* _The problem_: In the entries that follow, the line with "French President Emmanuel" opens the range and the line with "Photo 49 of" closes it; repeat that range exactly, both lines included.

* _Data excerpts_:

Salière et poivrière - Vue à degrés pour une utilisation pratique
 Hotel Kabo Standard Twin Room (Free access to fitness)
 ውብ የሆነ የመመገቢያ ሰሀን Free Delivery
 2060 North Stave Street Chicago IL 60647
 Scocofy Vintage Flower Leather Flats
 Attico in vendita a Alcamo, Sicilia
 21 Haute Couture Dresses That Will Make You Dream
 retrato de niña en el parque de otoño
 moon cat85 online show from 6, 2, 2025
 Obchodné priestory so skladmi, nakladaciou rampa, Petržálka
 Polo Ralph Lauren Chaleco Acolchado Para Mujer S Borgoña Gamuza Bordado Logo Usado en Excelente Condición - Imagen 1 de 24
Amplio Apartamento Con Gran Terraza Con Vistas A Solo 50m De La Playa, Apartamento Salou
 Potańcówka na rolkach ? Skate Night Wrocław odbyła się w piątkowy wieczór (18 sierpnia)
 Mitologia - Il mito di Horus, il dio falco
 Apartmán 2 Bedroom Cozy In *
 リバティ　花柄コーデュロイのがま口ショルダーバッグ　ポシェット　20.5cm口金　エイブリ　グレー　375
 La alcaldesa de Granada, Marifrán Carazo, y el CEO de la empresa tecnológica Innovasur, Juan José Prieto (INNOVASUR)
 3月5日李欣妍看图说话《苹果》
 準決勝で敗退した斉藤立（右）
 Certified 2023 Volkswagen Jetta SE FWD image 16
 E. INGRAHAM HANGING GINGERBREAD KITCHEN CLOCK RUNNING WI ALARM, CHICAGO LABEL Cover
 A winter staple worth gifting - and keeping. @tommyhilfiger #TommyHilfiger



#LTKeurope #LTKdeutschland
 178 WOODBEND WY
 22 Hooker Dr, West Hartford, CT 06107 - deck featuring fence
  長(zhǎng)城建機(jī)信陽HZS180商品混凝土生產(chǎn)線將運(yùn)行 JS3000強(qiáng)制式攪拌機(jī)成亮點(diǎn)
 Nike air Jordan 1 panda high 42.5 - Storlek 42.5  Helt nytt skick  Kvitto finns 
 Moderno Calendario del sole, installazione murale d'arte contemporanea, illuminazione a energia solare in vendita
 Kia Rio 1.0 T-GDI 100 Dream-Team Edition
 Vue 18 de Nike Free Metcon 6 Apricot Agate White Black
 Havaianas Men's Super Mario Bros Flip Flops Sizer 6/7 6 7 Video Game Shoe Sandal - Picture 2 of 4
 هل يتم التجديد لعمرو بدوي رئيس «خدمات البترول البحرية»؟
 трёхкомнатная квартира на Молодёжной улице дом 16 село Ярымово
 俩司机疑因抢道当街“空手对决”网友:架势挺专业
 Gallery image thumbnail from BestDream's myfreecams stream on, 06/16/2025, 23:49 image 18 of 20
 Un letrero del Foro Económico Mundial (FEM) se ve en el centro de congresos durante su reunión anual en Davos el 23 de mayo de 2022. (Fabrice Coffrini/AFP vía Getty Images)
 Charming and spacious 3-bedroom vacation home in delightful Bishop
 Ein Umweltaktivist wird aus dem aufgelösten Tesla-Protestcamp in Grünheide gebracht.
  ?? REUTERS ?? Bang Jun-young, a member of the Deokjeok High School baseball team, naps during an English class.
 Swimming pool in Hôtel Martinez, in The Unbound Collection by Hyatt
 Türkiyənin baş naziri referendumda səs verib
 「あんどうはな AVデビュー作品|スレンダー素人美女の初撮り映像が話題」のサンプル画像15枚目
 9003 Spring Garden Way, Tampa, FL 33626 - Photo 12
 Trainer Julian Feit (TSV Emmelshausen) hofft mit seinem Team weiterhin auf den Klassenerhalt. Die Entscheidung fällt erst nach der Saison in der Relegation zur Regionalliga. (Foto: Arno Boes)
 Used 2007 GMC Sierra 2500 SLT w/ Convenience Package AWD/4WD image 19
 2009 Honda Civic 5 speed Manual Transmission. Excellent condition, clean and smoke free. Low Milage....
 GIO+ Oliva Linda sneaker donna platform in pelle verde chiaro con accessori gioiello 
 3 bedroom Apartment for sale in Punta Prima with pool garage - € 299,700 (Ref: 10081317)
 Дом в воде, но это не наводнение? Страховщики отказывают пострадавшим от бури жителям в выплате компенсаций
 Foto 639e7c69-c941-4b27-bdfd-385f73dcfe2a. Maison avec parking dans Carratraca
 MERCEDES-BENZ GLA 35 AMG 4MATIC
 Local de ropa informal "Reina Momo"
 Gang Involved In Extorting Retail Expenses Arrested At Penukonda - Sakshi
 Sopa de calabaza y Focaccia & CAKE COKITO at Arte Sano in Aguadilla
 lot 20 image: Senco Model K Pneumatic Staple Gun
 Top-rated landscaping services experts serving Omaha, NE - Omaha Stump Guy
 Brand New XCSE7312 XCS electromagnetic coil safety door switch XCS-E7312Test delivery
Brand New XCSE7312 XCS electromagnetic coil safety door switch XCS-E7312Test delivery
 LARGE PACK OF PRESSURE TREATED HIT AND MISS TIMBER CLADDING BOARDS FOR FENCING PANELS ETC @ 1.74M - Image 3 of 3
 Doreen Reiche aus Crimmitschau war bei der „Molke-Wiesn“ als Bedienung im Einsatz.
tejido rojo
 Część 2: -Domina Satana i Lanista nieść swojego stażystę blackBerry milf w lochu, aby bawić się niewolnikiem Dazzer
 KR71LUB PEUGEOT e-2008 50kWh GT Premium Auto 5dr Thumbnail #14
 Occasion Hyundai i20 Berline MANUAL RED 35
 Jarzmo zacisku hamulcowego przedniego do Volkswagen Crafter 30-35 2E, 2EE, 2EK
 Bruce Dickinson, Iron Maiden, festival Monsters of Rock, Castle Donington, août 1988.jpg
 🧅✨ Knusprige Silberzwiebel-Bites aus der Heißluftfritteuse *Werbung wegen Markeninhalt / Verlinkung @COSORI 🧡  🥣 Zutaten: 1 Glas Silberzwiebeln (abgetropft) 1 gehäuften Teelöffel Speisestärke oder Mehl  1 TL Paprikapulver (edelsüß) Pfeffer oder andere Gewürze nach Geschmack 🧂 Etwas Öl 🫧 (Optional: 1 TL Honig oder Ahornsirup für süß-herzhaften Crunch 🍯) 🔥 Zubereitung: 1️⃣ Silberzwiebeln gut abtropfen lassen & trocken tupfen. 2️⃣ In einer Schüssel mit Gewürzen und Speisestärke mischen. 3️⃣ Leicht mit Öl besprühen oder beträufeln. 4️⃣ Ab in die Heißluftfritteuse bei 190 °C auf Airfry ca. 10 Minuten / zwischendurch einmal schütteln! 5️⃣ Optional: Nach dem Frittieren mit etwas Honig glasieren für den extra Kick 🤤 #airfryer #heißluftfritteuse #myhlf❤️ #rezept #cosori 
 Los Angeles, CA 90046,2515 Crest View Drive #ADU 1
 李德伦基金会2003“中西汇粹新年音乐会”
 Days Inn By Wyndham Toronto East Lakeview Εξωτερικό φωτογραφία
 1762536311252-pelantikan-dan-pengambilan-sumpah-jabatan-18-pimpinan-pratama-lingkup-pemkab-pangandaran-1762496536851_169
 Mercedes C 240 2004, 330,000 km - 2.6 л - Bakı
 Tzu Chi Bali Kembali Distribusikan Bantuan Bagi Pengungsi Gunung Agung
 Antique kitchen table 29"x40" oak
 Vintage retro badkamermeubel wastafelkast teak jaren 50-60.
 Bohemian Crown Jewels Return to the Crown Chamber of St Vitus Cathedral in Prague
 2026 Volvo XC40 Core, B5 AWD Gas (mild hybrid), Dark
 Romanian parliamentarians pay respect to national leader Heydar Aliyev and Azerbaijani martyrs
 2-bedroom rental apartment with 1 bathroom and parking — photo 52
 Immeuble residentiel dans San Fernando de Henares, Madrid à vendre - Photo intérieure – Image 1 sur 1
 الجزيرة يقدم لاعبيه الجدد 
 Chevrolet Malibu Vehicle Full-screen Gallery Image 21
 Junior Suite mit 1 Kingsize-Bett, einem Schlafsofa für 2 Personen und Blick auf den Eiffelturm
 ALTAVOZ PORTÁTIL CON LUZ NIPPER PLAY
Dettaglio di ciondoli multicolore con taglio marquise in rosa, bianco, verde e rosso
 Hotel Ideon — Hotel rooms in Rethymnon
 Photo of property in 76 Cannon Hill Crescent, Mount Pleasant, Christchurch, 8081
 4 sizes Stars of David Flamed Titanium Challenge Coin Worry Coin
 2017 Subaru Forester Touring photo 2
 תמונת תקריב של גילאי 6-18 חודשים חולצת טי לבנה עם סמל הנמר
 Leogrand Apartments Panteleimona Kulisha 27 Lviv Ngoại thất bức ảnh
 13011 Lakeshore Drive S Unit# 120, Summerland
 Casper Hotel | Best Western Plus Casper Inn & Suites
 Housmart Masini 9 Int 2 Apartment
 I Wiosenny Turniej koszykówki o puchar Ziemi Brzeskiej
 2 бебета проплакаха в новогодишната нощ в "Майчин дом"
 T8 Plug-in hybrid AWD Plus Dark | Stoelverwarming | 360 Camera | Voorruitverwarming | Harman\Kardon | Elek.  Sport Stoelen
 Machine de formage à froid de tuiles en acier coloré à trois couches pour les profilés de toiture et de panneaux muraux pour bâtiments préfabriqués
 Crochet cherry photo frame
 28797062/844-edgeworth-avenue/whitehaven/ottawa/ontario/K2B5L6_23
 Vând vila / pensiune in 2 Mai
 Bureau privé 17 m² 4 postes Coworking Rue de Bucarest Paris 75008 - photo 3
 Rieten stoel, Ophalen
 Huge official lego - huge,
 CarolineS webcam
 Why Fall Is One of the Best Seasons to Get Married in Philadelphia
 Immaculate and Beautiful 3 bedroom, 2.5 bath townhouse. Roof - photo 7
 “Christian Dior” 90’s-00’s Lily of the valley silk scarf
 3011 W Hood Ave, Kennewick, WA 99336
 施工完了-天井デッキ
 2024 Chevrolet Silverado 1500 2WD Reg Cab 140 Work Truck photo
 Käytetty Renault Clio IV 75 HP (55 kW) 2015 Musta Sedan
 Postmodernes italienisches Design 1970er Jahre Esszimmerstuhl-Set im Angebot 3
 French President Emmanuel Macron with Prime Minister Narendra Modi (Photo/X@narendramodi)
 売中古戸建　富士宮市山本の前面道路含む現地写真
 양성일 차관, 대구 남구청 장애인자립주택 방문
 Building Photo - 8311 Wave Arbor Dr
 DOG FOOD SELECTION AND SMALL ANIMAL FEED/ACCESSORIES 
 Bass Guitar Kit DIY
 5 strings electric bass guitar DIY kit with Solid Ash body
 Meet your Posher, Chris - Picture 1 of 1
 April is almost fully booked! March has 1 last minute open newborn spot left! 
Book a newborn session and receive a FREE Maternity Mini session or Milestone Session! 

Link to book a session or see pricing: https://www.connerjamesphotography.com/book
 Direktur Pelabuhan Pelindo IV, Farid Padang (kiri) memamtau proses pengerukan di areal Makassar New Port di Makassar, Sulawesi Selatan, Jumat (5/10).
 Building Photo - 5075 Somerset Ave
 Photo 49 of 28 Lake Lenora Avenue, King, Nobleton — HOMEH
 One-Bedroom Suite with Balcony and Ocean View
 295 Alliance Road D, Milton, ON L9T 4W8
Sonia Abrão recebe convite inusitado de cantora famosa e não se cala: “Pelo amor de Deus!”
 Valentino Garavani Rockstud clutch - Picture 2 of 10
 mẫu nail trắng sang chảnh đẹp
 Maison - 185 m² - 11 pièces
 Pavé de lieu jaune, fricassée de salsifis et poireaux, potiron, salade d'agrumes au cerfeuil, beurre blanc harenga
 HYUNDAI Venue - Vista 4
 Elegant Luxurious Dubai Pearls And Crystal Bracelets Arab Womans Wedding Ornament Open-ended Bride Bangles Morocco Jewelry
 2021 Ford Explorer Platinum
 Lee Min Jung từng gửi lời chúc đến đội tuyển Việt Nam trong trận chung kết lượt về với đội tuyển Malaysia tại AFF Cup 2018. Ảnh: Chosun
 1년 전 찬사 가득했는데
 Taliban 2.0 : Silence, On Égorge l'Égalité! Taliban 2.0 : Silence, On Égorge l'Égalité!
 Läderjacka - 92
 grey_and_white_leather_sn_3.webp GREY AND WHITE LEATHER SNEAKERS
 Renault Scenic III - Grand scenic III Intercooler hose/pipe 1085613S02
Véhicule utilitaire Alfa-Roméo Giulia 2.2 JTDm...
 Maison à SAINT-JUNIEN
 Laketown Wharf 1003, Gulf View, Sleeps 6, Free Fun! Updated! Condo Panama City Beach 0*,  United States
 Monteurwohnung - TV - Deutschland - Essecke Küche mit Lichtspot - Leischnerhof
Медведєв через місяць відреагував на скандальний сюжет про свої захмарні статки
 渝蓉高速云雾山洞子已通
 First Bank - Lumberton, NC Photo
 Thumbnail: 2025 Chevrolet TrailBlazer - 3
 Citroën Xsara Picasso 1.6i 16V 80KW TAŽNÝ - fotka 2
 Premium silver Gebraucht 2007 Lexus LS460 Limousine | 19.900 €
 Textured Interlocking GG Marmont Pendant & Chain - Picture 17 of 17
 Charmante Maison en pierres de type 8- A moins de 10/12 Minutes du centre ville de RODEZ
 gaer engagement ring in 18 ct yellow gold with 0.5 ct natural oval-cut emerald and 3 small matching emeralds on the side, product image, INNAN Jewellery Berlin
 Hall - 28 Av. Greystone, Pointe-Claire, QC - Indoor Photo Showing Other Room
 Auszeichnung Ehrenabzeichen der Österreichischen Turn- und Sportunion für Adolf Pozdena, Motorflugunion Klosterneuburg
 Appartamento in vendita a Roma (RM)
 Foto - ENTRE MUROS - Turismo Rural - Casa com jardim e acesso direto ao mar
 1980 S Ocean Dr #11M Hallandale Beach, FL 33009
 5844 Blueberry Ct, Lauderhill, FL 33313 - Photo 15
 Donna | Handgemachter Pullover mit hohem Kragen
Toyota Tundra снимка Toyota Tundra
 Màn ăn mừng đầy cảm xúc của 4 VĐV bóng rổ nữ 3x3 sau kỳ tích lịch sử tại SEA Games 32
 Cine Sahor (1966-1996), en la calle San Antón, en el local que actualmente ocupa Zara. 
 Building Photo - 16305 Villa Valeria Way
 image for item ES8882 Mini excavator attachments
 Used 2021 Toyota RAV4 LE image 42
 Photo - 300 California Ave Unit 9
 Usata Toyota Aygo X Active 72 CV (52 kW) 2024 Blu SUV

* _Your solution_:
 French President Emmanuel Macron with Prime Minister Narendra Modi (Photo/X@narendramodi)
 売中古戸建　富士宮市山本の前面道路含む現地写真
 양성일 차관, 대구 남구청 장애인자립주택 방문
 Building Photo - 8311 Wave Arbor Dr
 DOG FOOD SELECTION AND SMALL ANIMAL FEED/ACCESSORIES 
 Bass Guitar Kit DIY
 5 strings electric bass guitar DIY kit with Solid Ash body
 Meet your Posher, Chris - Picture 1 of 1
 April is almost fully booked! March has 1 last minute open newborn spot left! 
Book a newborn session and receive a FREE Maternity Mini session or Milestone Session! 

Link to book a session or see pricing: https://www.connerjamesphotography.com/book
 Direktur Pelabuhan Pelindo IV, Farid Padang (kiri) memamtau proses pengerukan di areal Makassar New Port di Makassar, Sulawesi Selatan, Jumat (5/10).
 Building Photo - 5075 Somerset Ave
 Photo 49 of 28 Lake Lenora Avenue, King, Nobleton — HOMEH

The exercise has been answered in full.